Title: Compute the Causal Win Ratio Using Nearest Neighbor Matching
Version: 0.1.0
Description: Based on “Rethinking the Win Ratio: A Causal Framework for Hierarchical Outcome Analysis” (M. Even and J. Josse, 2025), this package provides implementations of three approaches - nearest neighbor matching, distributional regression forests, and efficient influence functions - to estimate the causal win ratio, win proportion, and net benefit.
Encoding: UTF-8
License: AGPL (≥ 3)
RoxygenNote: 7.3.3
Imports: drf, FactoMineR, grf, MatchIt
Suggests: knitr, rmarkdown, WINS, MASS
VignetteBuilder: knitr
NeedsCompilation: no
Packaged: 2026-04-15 13:43:40 UTC; fdelimaa
Author: Francisco Andrade [aut], Mathieu Even [aut, cre], Julie Josse [aut]
Maintainer: Mathieu Even <mathieu.even@inria.fr>
Repository: CRAN
Date/Publication: 2026-04-21 18:22:13 UTC

Win/Loss Ratios with Distributional Random Forests

Description

drf_win_ratio() Computes the win/loss proportion, win ratio, and net benefit by estimating nuisance parameters with machine learning methods.

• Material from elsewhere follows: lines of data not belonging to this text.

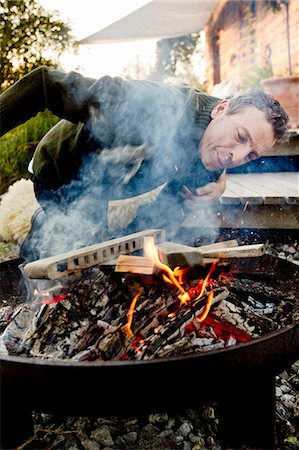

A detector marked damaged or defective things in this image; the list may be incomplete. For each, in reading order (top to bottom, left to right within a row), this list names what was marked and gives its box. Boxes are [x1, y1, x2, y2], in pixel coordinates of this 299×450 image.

burnt wood piece [23, 230, 166, 280]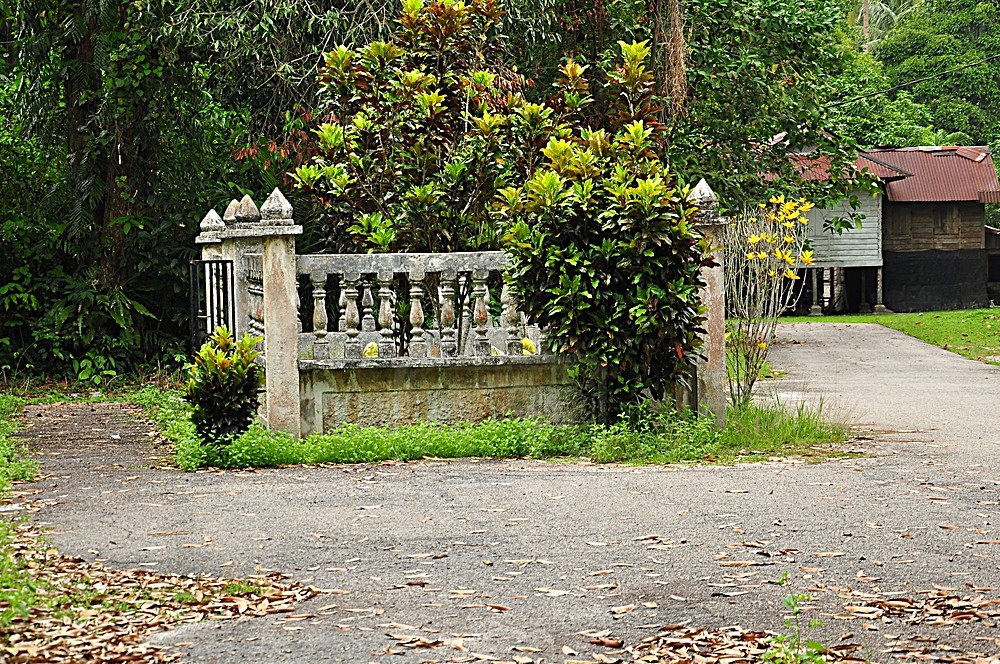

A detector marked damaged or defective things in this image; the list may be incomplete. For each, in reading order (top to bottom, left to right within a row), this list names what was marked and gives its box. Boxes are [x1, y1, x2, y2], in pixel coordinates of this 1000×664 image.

rusty roof sheet [868, 147, 1000, 204]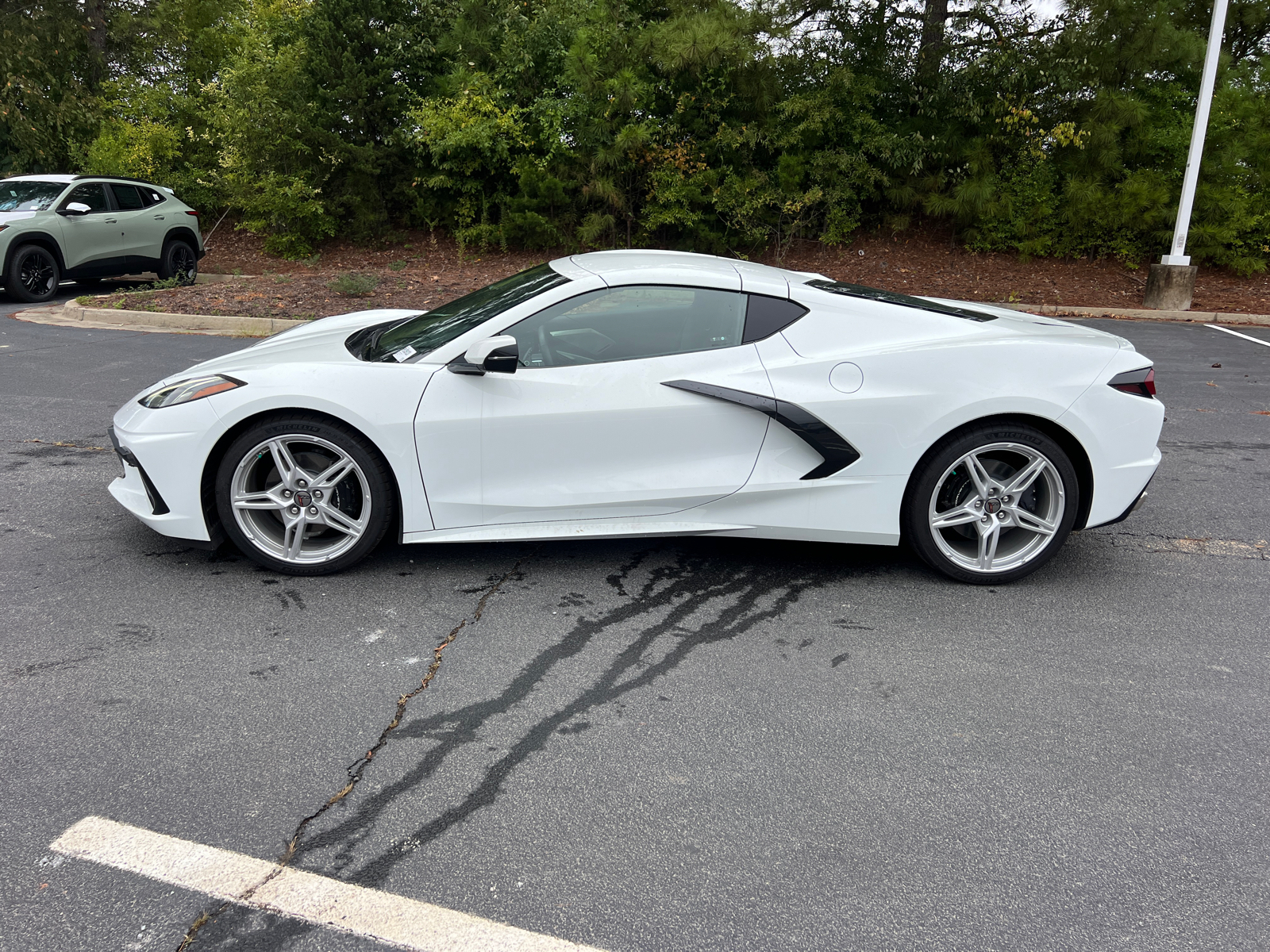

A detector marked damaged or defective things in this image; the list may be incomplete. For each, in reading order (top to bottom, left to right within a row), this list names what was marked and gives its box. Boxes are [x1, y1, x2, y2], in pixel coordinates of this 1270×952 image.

cracked asphalt [2, 294, 1270, 946]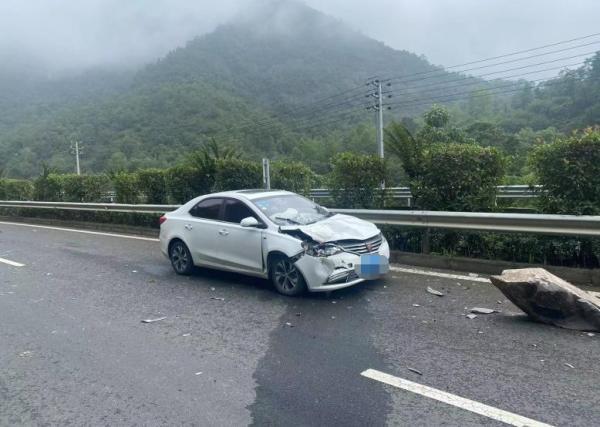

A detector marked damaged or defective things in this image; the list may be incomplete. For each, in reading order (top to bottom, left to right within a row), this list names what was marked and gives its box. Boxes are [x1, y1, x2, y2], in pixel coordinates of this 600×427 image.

damaged white sedan [159, 191, 392, 296]
crushed car hood [282, 214, 380, 244]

This estimation is performed via distributional regression, implemented using distributional random forests.

Usage

drf_win_ratio(
  base,
  treatment_name,
  outcome_names,
  win_function = "lexicographic",
  n_trees_drf = 1000,
  n_of_folds = 3,
  seed = NULL
)

Arguments

base

A data frame with n rows (individuals) and p columns. It must include a treatment column and one or more outcome columns. All remaining columns are considered covariates for matching. The data frame should not contain missing values. All covariates must be either numeric or factors.

treatment_name

A character vector of length one for the treatment column name, must be in names(base). The treatment column should contain only zeros and ones, with ones indicating the treatment group.

outcome_names

A character vector specifying the names of outcome columns. All names must exist in names(base). Each outcome column should be numeric or binary and binary outcomes must be encoded as 0 and 1.

win_function

By default, this function compares outcomes lexicographically according to the column order in the data frame, treating higher values as better. Once a distinct outcome is found, the function yields 1 (a win) if that outcome is larger for the treated individual and 0 otherwise; in case of a tie, it yields 0. To change the priority of outcomes, simply reorder the columns of the data frame. Alternatively, win_function can be a custom function that takes two arguments, each corresponding to a row of the data frame: win_function(base[i, ], base[j, ]) where the first argument represents a treated individual and the second a control individual. The function must return a value between 0 and 1, with 1 indicating a win for the treated individual.

n_trees_drf

Number of trees grown in the forest. It passed as the argument num.trees to drf. The default value is 1000.

n_of_folds

Number of folds used in cross-fitting. The default value is 3.

seed

Numeric value used in set.seed() to guarantee reproducible results when sampling the folds. The default value is NULL.

Value

A list of four elements, each of which is a list structured as follows:

The first element, win_proportion, is a list with two components: value and std, where std represents the standard deviation.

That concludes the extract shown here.